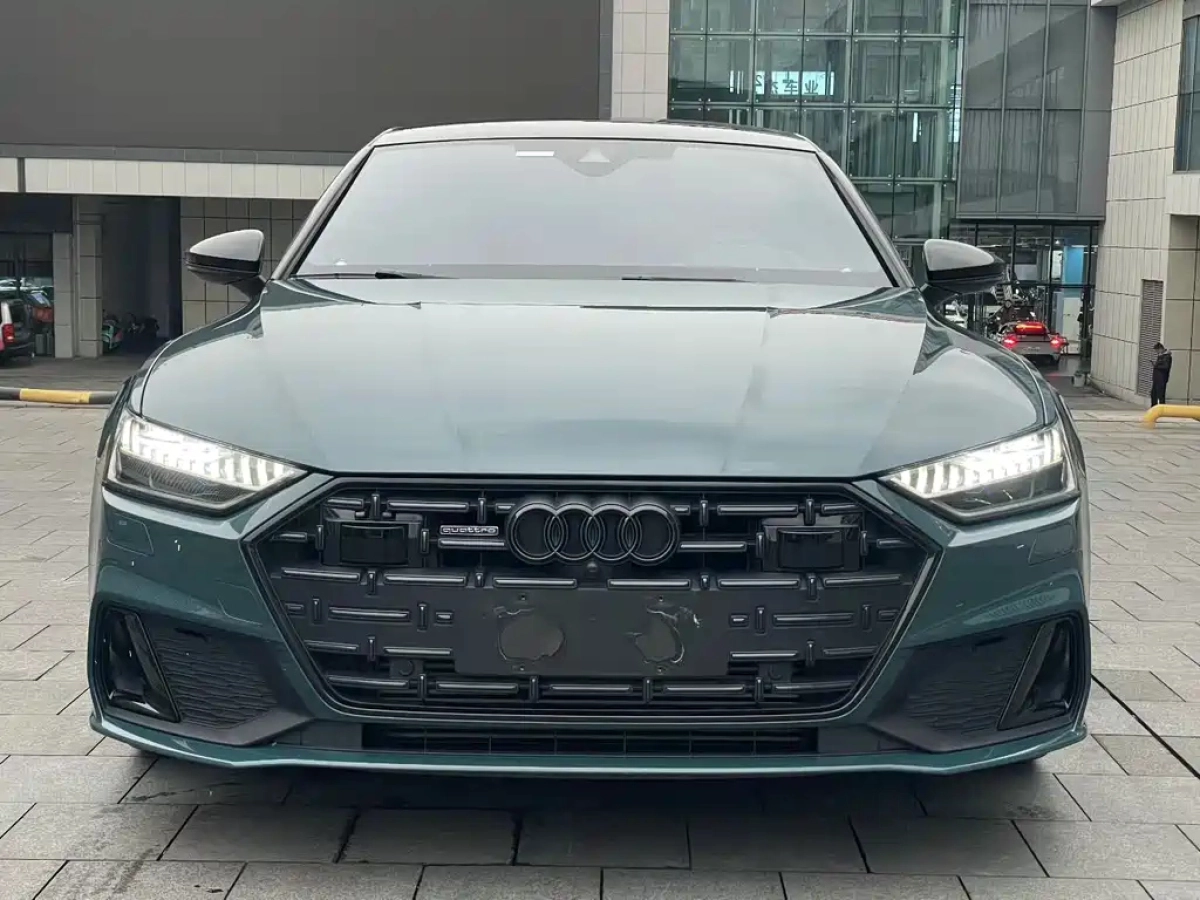 AUDI A7L
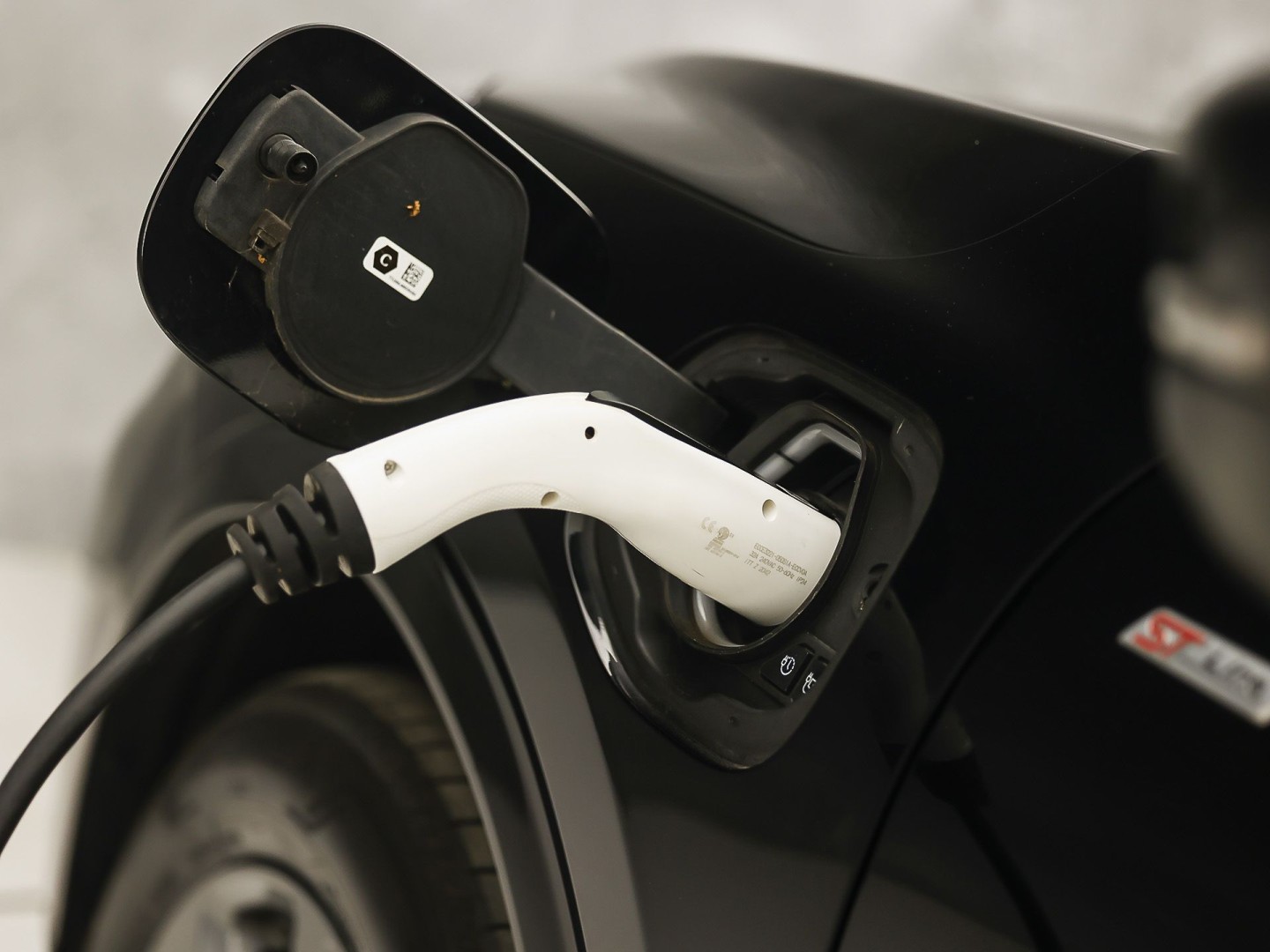 Ford Kuga 2.5 PHEV ST-Line X 225Pk Automaat (VIRTUAL COCKPIT, BANG&OLUFSEN, APPLE CARPLAY, ELEK SPORTSTOELEN, LEDER/ALCANTARA, CAMERA, ELEK ACHTERKLEP, KEYLESS, NIEUWSTAAT)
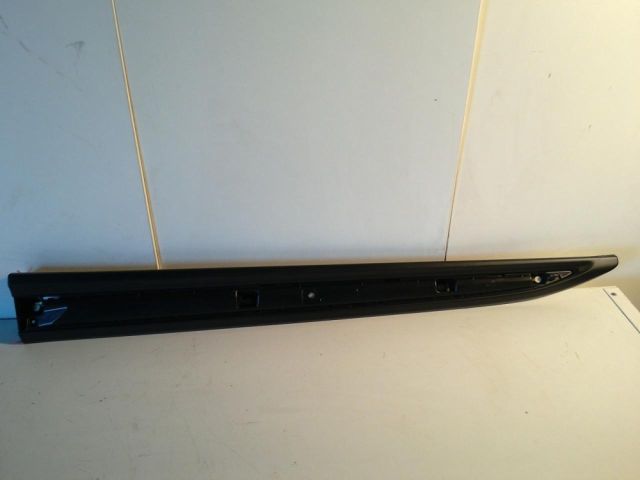 bontott MITSUBISHI OUTLANDER Bal első Ajtó Díszléc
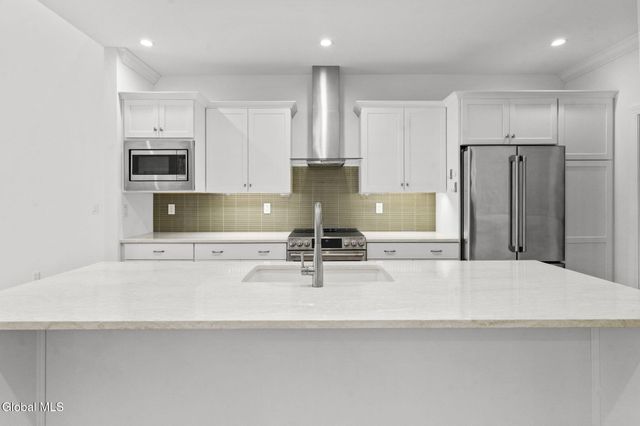 22 Cambridge Way, Colonie, NY 12110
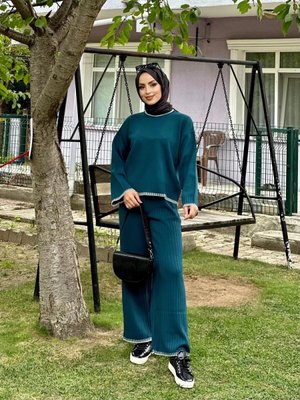 Zümrüt Çoban Dikişli Triko Takım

WHAT YOU SHOULD DO - Leave the pictures out, and please copy only the lines from the one with "bontott MITSUBISHI OUTLANDER" through the end of the listing.

WRITTEN ANSWER -
 bontott MITSUBISHI OUTLANDER Bal első Ajtó Díszléc
 22 Cambridge Way, Colonie, NY 12110
 Zümrüt Çoban Dikişli Triko Takım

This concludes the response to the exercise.